Draw Me a Lion
The Animal Art of Gustave Soury
Gustave Soury (1844-1966) was an illustrator, painter, poster artist and advertising artist who specialized in animal art for circuses and funfair menageries. His vast, meticulous oeuvre, dominated by figures of big cats, bears witness to his passion, but also his fascination, for our urban society and for exotic animals, their frightening savagery and their touching intimate moments.
Projet d’affiche pour le Grand Cirque caucasien, Gustave Soury, 1928, Mucem
1964.23.43
An artist behind bars (but on the right side)
At the turn of the 20th century, Gustave Soury was a lace painter, a profession that he exercised “conscientiously, but unenthusiastically”, as he himself put it (according to Adrian, a journalist specializing in the circus world). During his free time, he would visit the menageries of Paris where people could go to admire animals of all sorts and of every origin in their cages. He was a regular visitor to Pezon Menagerie and the one in the Jardin des Plantes botanical garden. While there, he became familiar with the beasts and their tamers, and entertained himself by drawing them in little sketchbooks. It was trainer Alexis “Tana” Tanalias, then working for the Bostock Funfair at the racetrack on Place Clichy, who encouraged him to become a professional animal painter. Himself a sometime illustrator and painter, Tana suggested that Gustave Soury present his sketches and studies in the form of postcards. He passed them along to Bostock, who gushed over the drawings and decided not to make them into postcards, but rather into posters. Leaving the lace industry, Gustave Soury dove head first into the world of menageries and circuses, working in turn as a cashier for tamer Mac Donald, administrator of Professor Maladolli’s Caucasian Circus and as assistant to Henry Thétard, educational walking tour guide at the Vincennes Zoo.
Gustave Soury made a first donation to the museum (then the National Museum of Popular Arts and Traditions) of preparatory sketches for menagerie posters. Upon his death, his archives were also bequeathed to the museum: more than 10,000 photographs and postcards, that he had organized in 31 thematic albums on funfairs and circuses, more than 600 small posters for shows performed between 1880 and 1914, all of his sketchbooks, the reproductions and preparatory work for the pieces he created for the menageries, circuses and other kennels that employed him.
Martyre de chrétiens dans un cirque romain où l’on trouve quelque parallèle avec l’œuvre de Gérôme, 1945, Gustave Soury, Mucem
1967.116.378
Girafe de dos, 1916—1918, Gustave Soury, Mucem
1967.116.937.46
The artist who cut his teeth on beasts / The artist’s touch
Gustave Soury was far from the first artist to cut his teeth on exotic animals. In fact, he was part of a tradition that was revived in the 19th century: romantic painters like Delacroix and Géricault devoted special attention to lions, those symbols of freedom and wild nature that the conquest of Algeria had brought back to the forefront. Jean-Léon Gérôme also – albeit in a more academic style – often gave a crucial role to big cats in his dramatic scenes of the Orient or inspired by the Roman Circus Games. Gérôme would observe those big cats at Pezon Menagerie, where Gustave Soury would follow in his footsteps a few years later, sketchpads and pencils in hand.

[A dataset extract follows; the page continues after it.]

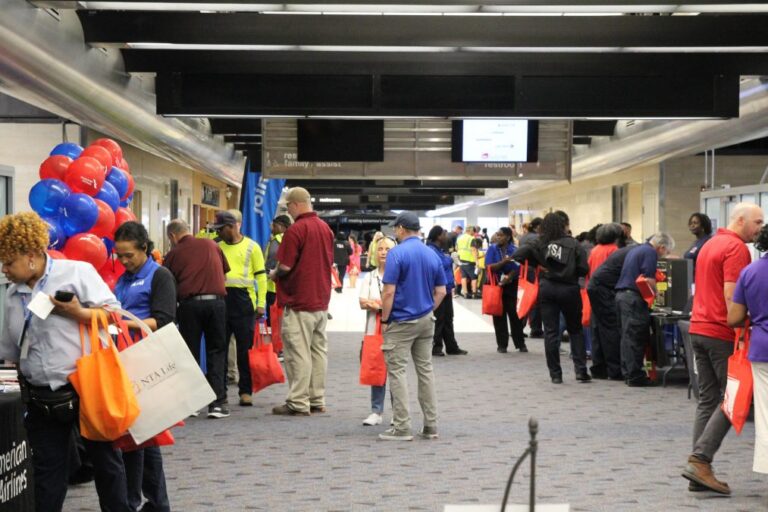 Airport terminal hallway filled with employees and vendors during an employee resource fair. People are talking at booths, carrying red tote bags, and walking past displays with balloons and informational materials.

More than all the rest of his oeuvre, Gustave Soury’s notebooks filled with sketches and very preliminary drawings reveal the artist’s true talent. While his menagerie advertisements stage the animals in the most majestic poses, his sketchbooks show them as they could be seen, as they lived – very peacefully – in the menageries of Paris. On each page, there appears a variety of resting panthers, slumping lions, sleeping jaguars and drowsy bears... a far cry from the acrobatics of the circus. Moreover, Gustave Soury excelled at portraying animals from behind and in not particularly academic but highly natural positions that must have aroused his curiosity as a sketch artist. As an expert in the anatomy of the creatures that he observed with meticulous care and tirelessly reproduced, he was able to sketch out their silhouette in a few lines, very expressively reproducing their physiognomy, their poses and even their humblest postures. Adrian, a journalist specializing in the circus during the 1960s and a great admirer of his work, reported that his drawings’ resemblance to their models was such that tamers were able to recognize their own beasts.

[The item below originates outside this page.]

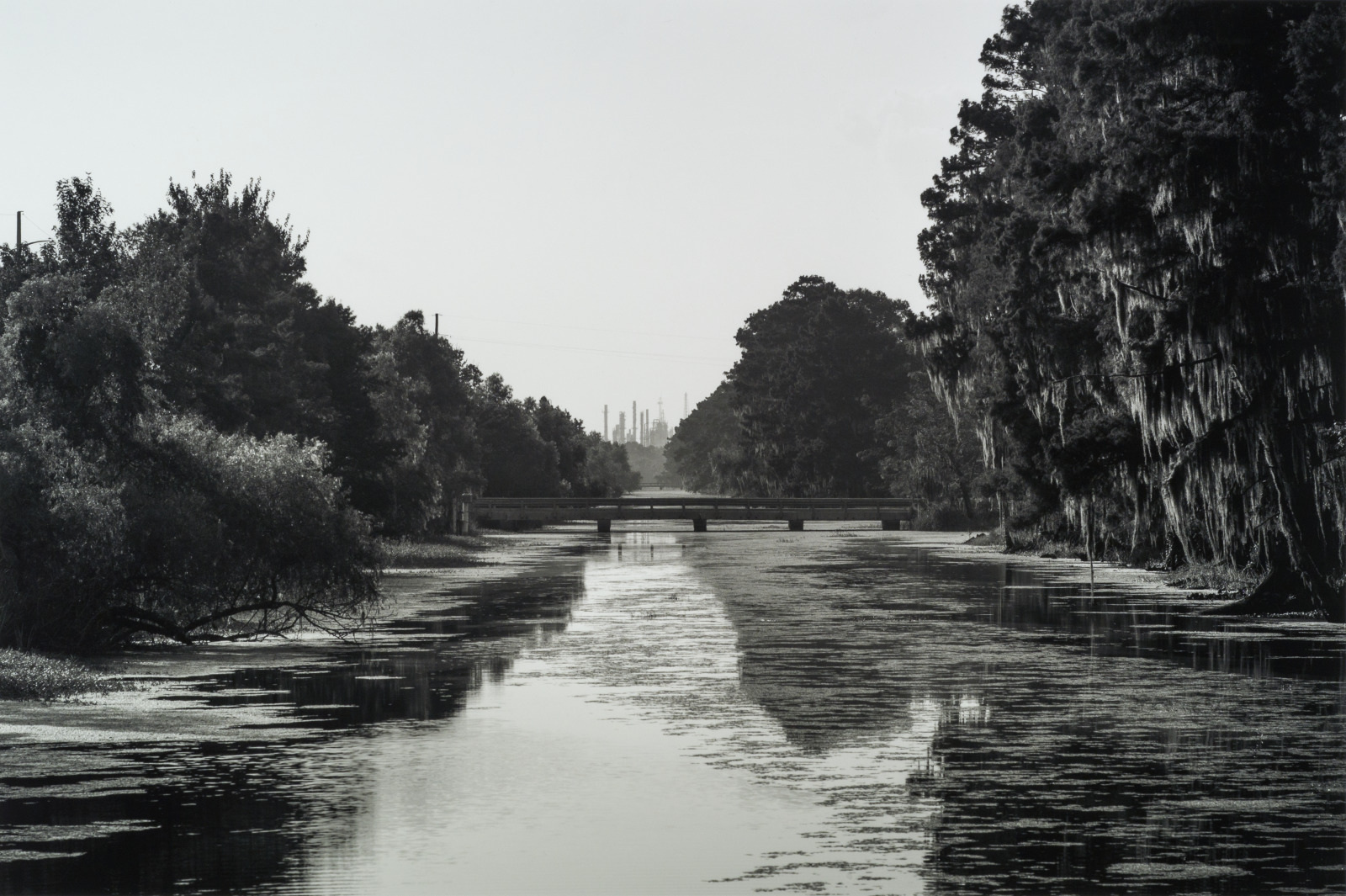 Black and white photo of a calm river flanked by trees, with Spanish moss hanging from branches. In the distance, a small bridge crosses over the water, and industrial buildings appear on the horizon, partially obscured by haze.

Those sketchbooks, where he systematically noted the species of each animal, its sex, the location and often the date, were the tools of his trade first and foremost. In them, the artist created a large number of technical studies and more or less elaborate sketches. In particular, there are images of panthers and tigers for which he had only just begun to draw the complex patterns of the big cats’ pelts. And so he shows us, unexpected spectators that we are (since his sketchbooks were not intended for exhibition) strange creatures with incomplete coats of fur.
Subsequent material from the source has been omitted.